Because of all my hard work decluttering and digging out in 2018, when I packed away Christmas this past December I was left with this view. Empty countertops, a virtually empty bookshelf and free floor space. I simultaneously love it and despise it. I love that there aren’t piles tucked in nooks and crannies waiting to reclaim the surfaces. I love that there is space for my energetic son to play.
I despise that this empty space looks barren. That no stuff seems to equal nothingness. My living room looks like I’m getting ready to move away from this place, not live in it. I despise that now you can see how badly the walls need a fresh coat of paint and that dust is the eighth member of our family.
I’ve come to my next realization in this journey of edits. Just like working through your emotions or growing in your relationships, dealing with your stuff has layers. Letting go of what is to embrace something new doesn’t happen overnight. Cleaning a canvas to paint a new picture requires elbow grease. I want the end result, but currently I’m in the messy middle.
It hurts in a way I didn’t expect. Looking at this empty space feels personal. This is my space and if it’s empty, does that mean I am empty too? It is void of colour and personality, it’s boring. Does that mean I am boring too? At this point in my story I understand more deeply why we hold on to things. Why we fill our space with stuff. The struggle makes sense to me now. I’ve lived through the barrenness of many autumns and I know the fullness of the spring. This space feels empty now, but that emptiness leaves room for something new to begin.

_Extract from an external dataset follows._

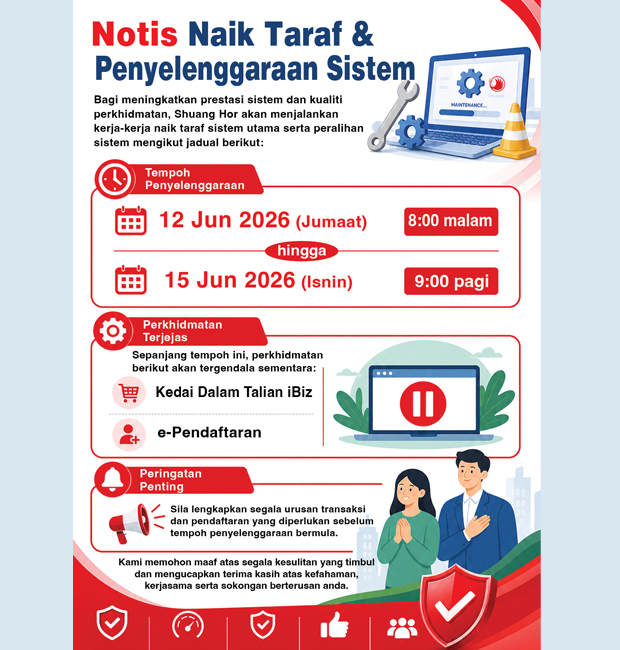 Notis Naik Taraf & Penyelenggaraan Sistem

That’s why it’s a journey, not simply an event. Left foot, pick a pile. Right foot, sort through it. Left foot, choose which things go. Right foot, choose which things stay. Left foot, look at all the space you created. Right foot, resist the temptation to fill the space back up. Left foot, right foot, left foot, right foot. I keep walking down this road although I’m not sure where I’m headed, I’m not even sure where I’m placing my foot down yet.
This is just one space in my home. A space that used to be full to overflowing with clutter. A space where I can see that I’ve accomplished what I set out to do. There will be many more empty spaces before things begin to feel full again. Places I can see and places I can only feel. I’m not sure where the road will take me. I’m not sure what I’ll realize as I glance back. I do know this is my road. I do know I don’t travel it alone. I do know when we share our journeys with others we learn so much more. Come walk with me. Left foot, right foot, left foot, right foot. On a journey through clutter in our homes, our hearts, our heads and our health clearing away the debris standing between us and life abundant.
Welcome to my story. Welcome to the courageous editing of life. Welcome to the Original Revamp.